The delay due to lockdown can result in 25-30% fall in seed production, according to agricultural scientists
A delay in harvesting of wheat crops in the wake of novel coronavirus disease (COVID-19) pandemic could result in 25-30 per cent fall in seed production, according to state’s agricultural scientists.
The Bihar Agriculture University (BAU), Bhagalpur, planted breeder seeds in 26 hectares to produce 650 quintals of wheat.
Foundation seeds were planted in 94.5 ha land with the target production of 2,835 quintals. Certified seeds were grown in 42.8 ha, which were supposed to produce 1,284 quintals.
The ripened seed plants grown in farmland of the constituent colleges falling under the BAU and 21 Krishi Vigyan Kendra (KVK) are now ready to be harvested. However, shortage of labourers and the non-functional harvester machines amid COVID-19 outbreak has delayed harvesting.
There are also concerns over rains, which lashed some parts of the state in the last 24 hours, impacting the quality of seeds that may fall on the ground, scientists said.
“Delayed harvesting could result in 25-30 per cent decline in production of seeds we grew this year against our target,” RK Sohane, director (extension education), BAU told Down to Earth.
A fall in production of seeds will lead to a subsequent dip in wheat crop production next season, Sohane added.
It aims to transfer the well-tested technologies to farmers, livestock owners, rural youth, extension functionaries of state government and other personnel engaged in developmental and professional activities in agriculture and allied areas.
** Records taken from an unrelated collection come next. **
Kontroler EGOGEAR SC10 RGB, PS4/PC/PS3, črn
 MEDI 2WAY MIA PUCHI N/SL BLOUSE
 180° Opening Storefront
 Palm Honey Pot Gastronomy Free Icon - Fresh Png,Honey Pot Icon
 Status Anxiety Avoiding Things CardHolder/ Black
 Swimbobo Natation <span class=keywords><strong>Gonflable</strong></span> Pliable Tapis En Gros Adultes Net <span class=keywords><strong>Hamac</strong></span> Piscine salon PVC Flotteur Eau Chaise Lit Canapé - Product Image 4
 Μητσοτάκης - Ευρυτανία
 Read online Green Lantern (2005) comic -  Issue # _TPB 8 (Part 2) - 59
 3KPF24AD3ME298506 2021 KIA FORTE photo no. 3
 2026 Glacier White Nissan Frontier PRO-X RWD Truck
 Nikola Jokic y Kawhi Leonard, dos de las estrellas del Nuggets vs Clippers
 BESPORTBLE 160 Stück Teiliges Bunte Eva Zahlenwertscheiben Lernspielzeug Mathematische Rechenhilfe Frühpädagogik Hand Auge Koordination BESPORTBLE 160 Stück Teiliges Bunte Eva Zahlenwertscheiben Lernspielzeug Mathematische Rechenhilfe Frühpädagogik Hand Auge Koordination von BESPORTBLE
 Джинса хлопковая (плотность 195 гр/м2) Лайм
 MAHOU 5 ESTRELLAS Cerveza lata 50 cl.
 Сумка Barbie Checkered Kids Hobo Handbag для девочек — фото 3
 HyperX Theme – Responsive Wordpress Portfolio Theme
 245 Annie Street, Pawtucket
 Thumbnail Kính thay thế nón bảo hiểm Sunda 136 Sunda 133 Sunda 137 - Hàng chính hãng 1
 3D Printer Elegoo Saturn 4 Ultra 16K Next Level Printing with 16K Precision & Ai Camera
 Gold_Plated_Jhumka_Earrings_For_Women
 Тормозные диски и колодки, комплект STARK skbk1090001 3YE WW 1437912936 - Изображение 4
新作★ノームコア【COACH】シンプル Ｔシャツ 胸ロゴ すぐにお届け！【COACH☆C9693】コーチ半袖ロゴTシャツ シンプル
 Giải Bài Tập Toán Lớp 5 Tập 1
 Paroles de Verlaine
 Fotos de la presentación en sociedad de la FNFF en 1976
Directorate of Extension Education, BAU, is the nodal agency that plans, organises, coordinates, evaluates and monitors the extension education works of the university through agricultural colleges at Sabour (Bhagalpur district), Saharsa, Purnea and Dumraon (Buxar), Noorsarai (Nalanda) and Kishanganj, 13 research stations and 21 KVKs located in three agro-climatic zones of Bihar.
The directorate acts as a bridge between research scientists and farmers and other stakeholders involved in extension activities. The role is two-fold — transferring technologies from scientists to the ultimate users and finding problems on the field to be passed on to research divisions of the university.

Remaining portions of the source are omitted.